総論と定義 上海仁済病院泌尿器科 Lu Jianwei 米国国立衛生研究所(NIH)の一部門である国立糖尿病・消化器・腎臓病研究所(NIDDK)では.前立腺炎を4つのタイプに分類している(表1)。 I型とII型は急性または慢性の細菌性前立腺炎で.患者さんの約5〜10%を占めるまれな疾患です。 III型前立腺炎(CP)が最も多く.約90%を占めます。 IV型は無症候性感染性前立腺炎(AIP)で.泌尿器系の感染歴のない患者さんにのみ見られ.前立腺がんや不妊治療の評価中に偶然発見されたり.精液検査で白血球が高濃度に検出されたりすることが多いようです。 急性細菌性前立腺炎(ABP).またはI型は.最も一般的ではありませんが.最も深刻な結果をもたらす可能性があります。 ABPは外来患者10,000人中2人程度で診断され.頻尿.夜間頻尿.急性会陰痛.恥骨下痛.性器痛(特に精巣痛)を伴う急性尿路感染症(UTI)として発症します。 通常.高熱.悪寒.吐き気.嘔吐.尿道の灼熱感や痛みなどが見られます。 尿に悪臭があり.尿線が細くなる.尿や精液に血が混じる。 ABPを放置すると.混乱.血圧低下.敗血症.さらには生命を脅かす状態に陥ることがある。ABP患者は.入院.非経口的抗生物質投与.鎮痛.静脈内水分補給などの積極的な治療を必要とする。 慢性細菌性前立腺炎(CBP)II型と診断されるのは.患者が複数の尿路感染症を呈し.そのたびに前立腺内の同じ病原体が原因となっている場合である。CBPはABPと同様の症状を示しますが.その程度は低く.睾丸や腰仙部の痛み.会陰部や骨盤底部の痛み.頻尿.尿意切迫.排尿痛.灼熱感などの排尿症状の有無が特徴です。 細菌尿の間は通常無症状であるが.それでも低体温.排尿困難.尿線が細くなるなどの症状が再発する者がいる。 ABPとは対照的に.CBPは診断と治療が難しい。CBPの患者は発熱がなく.尿培養の大部分は陰性で.病歴は通常.尿路感染症.副睾丸炎.尿道炎(同じ病原体が原因)の再発である。 CBPの診断には.前立腺に特異的な部位(前立腺マッサージ後の精液または尿.前立腺圧迫後分泌物[EPS]を含む)における細菌の検出が必要である。 尿道サンプルと比較して.前立腺サンプルの細菌数が10倍増加すれば.CBPの診断が確定します。

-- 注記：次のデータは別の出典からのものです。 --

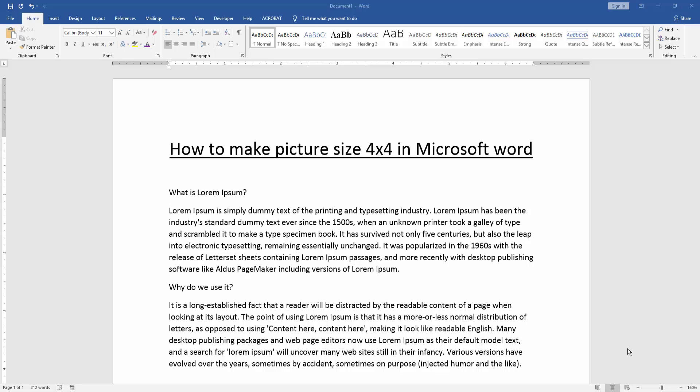As-salamu alaikum. Hello friends, how are you? Welcome back to our another video. In this video, I am going to show you how to make picture size 4x4 in Microsoft Word. Let's get started.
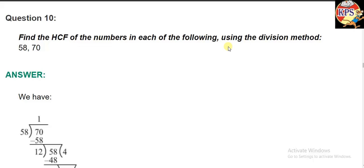Good morning students. I hope you have solved till question number 9 of exercise 2D, because I had already explained a few questions. In the next question, you can see that it is given: find the HCF of the numbers in each of the following using the division method. In our previous video we were using the prime factorization method to find the HCF, but now we have to use the division method.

急性および慢性の細菌性前立腺炎の治療には.ABPと同様に前立腺組織に浸透する効果のある広域抗菌薬が推奨され.CBPは経験的に抗生物質で治療し.場合によっては補助療法を併用することになります。 前立腺組織に浸透し.グラム陰性菌と陽性菌の両方を殺すのに有効な薬剤として.フルオロキノロン系(シプロフロキサシン.レボフロキサシン.オフロキサシン.ノルフロキサシン).メトトレキサート(TMP).スルファメトキサゾールがあります。